DATASET EXTRACT:
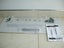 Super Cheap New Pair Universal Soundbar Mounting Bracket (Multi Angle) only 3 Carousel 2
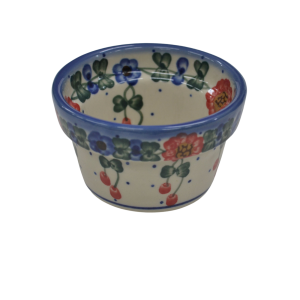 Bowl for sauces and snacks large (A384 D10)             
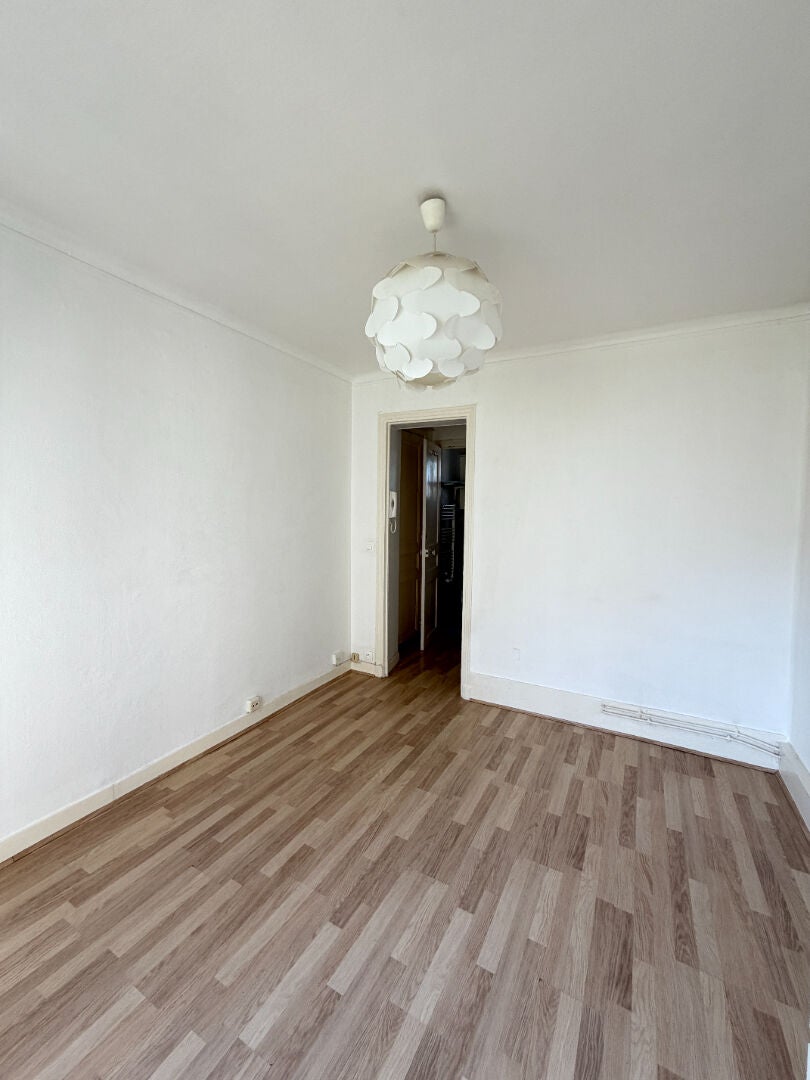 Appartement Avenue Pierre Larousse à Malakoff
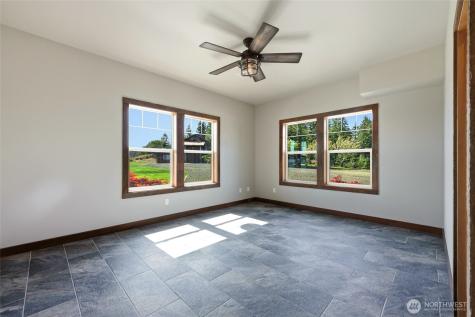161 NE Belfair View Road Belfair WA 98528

TASK ITEM: Exactly as written, restate the listing above with its pictures omitted.

WRITTEN RESPONSE:
 Super Cheap New Pair Universal Soundbar Mounting Bracket (Multi Angle) only 3 Carousel 2
 Bowl for sauces and snacks large (A384 D10)             
 Appartement Avenue Pierre Larousse à Malakoff
161 NE Belfair View Road Belfair WA 98528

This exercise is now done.